◆ **Exercise goal**
Look through the lines below for the word "notable", and copy every line that has it.

◆ **Available data**

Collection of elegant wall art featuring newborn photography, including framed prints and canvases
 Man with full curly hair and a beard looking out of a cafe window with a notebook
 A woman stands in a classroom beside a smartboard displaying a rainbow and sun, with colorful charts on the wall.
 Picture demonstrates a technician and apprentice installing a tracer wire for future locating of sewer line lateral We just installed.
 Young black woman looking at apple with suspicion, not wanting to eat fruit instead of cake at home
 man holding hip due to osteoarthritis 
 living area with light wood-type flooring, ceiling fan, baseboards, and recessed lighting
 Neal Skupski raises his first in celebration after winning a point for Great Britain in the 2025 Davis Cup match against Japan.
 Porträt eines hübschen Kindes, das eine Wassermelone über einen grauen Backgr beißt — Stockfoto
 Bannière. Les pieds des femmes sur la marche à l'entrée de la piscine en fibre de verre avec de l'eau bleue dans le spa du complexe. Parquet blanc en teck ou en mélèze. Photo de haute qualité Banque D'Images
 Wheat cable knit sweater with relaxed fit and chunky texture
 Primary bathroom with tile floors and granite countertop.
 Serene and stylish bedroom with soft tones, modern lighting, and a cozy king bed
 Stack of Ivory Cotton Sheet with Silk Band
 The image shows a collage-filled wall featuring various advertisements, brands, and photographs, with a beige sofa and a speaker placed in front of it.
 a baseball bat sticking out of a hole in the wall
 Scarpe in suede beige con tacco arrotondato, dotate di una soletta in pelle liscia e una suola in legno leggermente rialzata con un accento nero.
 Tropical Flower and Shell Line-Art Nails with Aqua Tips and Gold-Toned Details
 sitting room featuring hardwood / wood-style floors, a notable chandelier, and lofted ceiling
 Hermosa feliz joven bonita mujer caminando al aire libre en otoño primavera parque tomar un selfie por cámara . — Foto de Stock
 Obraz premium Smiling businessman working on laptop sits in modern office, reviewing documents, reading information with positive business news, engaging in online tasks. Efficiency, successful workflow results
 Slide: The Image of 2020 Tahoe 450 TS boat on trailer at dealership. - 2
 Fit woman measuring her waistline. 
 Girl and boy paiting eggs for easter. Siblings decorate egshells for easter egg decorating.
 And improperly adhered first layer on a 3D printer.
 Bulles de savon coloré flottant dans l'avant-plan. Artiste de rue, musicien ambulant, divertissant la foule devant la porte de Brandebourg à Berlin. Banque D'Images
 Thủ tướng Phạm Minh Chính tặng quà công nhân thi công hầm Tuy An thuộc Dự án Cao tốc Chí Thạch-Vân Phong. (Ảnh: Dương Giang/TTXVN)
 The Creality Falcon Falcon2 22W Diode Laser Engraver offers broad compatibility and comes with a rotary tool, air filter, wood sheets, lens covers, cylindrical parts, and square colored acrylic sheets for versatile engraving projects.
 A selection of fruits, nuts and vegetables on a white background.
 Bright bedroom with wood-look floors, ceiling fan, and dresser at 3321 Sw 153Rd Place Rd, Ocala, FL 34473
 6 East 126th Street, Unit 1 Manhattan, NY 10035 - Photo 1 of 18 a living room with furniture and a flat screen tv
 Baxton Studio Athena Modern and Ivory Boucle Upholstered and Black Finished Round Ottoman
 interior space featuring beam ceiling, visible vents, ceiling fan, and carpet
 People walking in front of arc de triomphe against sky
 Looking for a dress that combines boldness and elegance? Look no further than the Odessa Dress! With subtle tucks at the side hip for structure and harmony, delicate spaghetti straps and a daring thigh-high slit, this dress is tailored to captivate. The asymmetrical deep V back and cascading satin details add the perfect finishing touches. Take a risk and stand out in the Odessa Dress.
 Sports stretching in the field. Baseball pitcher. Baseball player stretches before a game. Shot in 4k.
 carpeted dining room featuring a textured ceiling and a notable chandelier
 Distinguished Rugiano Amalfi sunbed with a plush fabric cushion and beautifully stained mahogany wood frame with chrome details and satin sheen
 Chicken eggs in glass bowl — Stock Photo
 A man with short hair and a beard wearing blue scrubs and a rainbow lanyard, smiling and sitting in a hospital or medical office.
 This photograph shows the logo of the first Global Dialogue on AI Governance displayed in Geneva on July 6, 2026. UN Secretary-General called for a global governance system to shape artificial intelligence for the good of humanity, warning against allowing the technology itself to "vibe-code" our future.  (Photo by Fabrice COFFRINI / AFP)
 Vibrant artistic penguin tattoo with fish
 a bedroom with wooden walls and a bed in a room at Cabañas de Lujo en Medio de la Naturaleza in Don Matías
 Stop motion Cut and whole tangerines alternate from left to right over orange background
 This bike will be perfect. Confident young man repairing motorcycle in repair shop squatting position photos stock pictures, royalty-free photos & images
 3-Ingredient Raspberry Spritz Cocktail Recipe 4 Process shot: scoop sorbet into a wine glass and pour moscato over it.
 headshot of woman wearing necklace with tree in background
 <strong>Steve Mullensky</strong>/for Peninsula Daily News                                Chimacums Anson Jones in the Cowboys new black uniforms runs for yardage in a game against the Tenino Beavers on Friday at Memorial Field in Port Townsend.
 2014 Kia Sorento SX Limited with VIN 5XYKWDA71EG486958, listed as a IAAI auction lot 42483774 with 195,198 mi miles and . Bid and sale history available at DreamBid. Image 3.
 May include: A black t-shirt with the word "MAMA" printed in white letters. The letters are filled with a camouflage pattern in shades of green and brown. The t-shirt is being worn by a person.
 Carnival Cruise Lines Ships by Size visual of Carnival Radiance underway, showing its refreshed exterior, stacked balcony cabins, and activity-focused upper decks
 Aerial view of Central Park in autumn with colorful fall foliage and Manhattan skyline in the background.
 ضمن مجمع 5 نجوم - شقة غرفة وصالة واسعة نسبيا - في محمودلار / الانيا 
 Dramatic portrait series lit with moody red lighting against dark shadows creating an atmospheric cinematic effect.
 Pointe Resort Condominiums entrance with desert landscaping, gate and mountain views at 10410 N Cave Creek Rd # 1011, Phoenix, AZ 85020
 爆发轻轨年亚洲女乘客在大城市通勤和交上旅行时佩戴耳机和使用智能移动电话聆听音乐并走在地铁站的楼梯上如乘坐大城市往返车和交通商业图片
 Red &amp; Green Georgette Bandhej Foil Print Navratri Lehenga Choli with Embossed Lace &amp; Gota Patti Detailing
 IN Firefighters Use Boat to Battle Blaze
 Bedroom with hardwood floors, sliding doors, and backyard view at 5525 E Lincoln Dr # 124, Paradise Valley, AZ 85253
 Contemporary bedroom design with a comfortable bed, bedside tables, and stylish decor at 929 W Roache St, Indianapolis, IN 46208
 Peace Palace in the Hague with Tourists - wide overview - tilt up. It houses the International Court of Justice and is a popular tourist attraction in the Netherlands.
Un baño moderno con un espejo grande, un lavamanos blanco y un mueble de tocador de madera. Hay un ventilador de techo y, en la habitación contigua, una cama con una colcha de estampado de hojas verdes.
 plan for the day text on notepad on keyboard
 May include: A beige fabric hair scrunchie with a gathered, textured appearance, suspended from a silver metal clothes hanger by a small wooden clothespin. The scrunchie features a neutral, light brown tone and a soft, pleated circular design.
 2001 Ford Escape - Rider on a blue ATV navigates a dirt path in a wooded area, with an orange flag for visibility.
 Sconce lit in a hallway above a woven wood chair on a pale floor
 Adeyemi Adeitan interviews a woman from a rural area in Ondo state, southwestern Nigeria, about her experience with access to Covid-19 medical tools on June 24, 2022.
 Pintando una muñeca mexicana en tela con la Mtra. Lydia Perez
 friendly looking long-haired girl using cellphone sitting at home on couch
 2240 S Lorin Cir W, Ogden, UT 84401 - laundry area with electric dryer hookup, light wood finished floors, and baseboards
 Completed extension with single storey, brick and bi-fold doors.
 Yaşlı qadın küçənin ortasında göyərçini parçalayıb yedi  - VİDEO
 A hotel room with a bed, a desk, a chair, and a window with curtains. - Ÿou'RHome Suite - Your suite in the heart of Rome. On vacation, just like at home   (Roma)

◆ **Response to the exercise**
 sitting room featuring hardwood / wood-style floors, a notable chandelier, and lofted ceiling
 carpeted dining room featuring a textured ceiling and a notable chandelier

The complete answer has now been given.